C'est de l'ignorance des peuples qu'est venue presque toujours leur facilité à se laisser séduire. La connaissance de l'histoire les eût mis en garde contre des novateurs qui affectent de décrier tous les monuments historiques, ces témoins fidèles des temps; et de jeter sur l'éclat de leurs dépositions le soupçon de l'erreur et du mensonge. Ils s'indignent quand on oppose à leurs nouveautés l'autorité des faits. L'homme, disent-ils, n'a pas besoin de puiser dans les exemples de ceux qui l'ont précédé des conseils pour ce qu'il doit faire; sa raison lui suffit : loin de se traîner sur les pas d'autrui, il doit s'abandonner à son propre essor, et par une heureuse audace, ouvrir à la politique des routes nouvelles qui soient pour les peuples des sources de gloire et de bonheur. A les en croire, ce n'est que de leur temps que le flambeau de la vérité a fait briller sa lumière; la science de conduire les hommes n'a été

jusqu'à eux qu'une misérable routine que les législateurs ont suivie en aveugles; ils ont tenu les nations dans une sorte d'enfance, et leur ont caché leurs droits, afin de les asservir.

Sans doute la raison fut donnée à l'homme pour l'éclairer et le conduire; mais à combien d'erreurs ne le livre pas trop souvent ce guide infidèle! combien de fois, séduite par les passions, ne trouve-telle pas mille prétextes pour méconnaître la vérité ou pour la combattre! C'est surtout dans les hommes d'État que cette insuffisance de la raison est plus commune et plus funeste. La flatterie, cette ennemie si assidue et si dangereuse, en corrompant le cœur élève sur l'esprit des nuages épais qui lui dérobent la vue des piéges qu'on lui tend. Le goût de la domination, l'habitude de voir tout ce qui les entoure céder à leurs moindres volontés, rendent les homde mes en place incapables de cette sage réflexion, cette méditation profonde de leurs devoirs, qui leur apprendrait à connaître les hommes, à juger les événements, à discerner les bonnes et les mauvaises vues qu'on leur suggère.
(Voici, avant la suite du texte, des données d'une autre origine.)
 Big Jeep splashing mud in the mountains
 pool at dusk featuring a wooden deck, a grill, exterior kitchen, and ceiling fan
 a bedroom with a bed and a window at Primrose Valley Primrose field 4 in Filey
L'homme de génie lui-même a besoin du fil de l'histoire pour se guider dans le dédale obscur de la politique : accoutumé à embrasser les objets de ce haut point d'élévation où son esprit le place, pour saisir d'un coup d'œil le but où il doit tendre, il est plus exposé qu'un autre à s'égarer sur les moyens de détail qui assurent souvent le succès des entreprises. L'histoire, en lui rendant présente l'expérience des siècles passés, lui donne des conseils, aussi sûrs que désintéressés, qui lui montrent les routes qu'il doit suivre, les écueils qu'il doit éviter, et le port assuré où une sage manœuvre peut faire arriver heureusement le vaisseau de la fortune publique.
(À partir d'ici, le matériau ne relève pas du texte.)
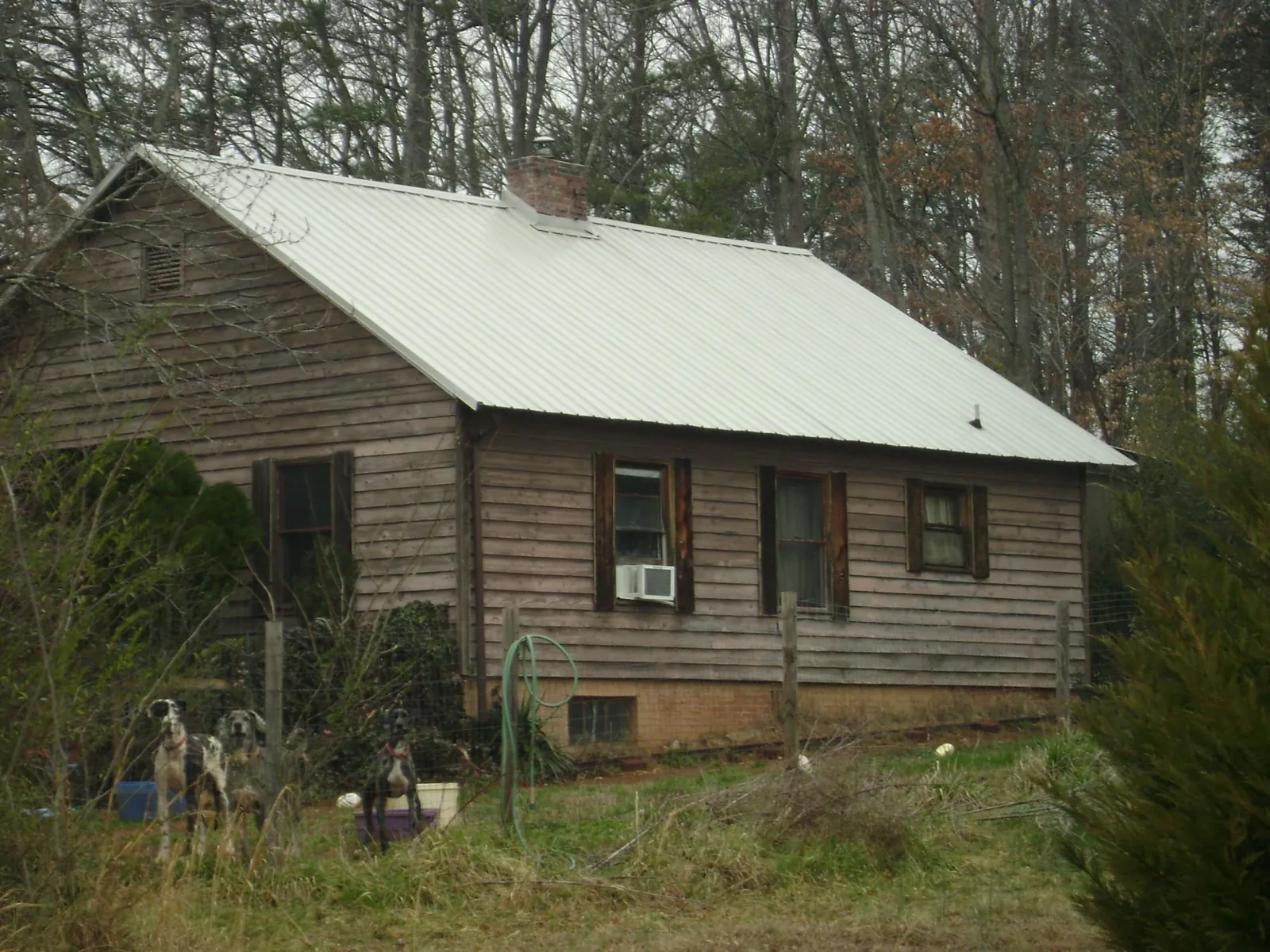 White metal roof on an old wood sided farmhouse, from a Metal Roof Installation job in Rose Creek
C'est par là qu'on peut apprécier les reproches qu'on fait aux anciens législateurs, en les accusant de s'être traînés sur les pas de ceux qui les ont précédés, d'avoir laissé languir les nations dans une longue enfance, pour les condamner au plus honteux esclavage. Peut-on sans injustice méconnaître le bien qu'ont fait ces hommes si éclairés, en imposant aux passions humaines le joug salutaire des lois, et en renfermant dans de justes bornes l'usage de leur liberté, afin de leur en garantir la durée?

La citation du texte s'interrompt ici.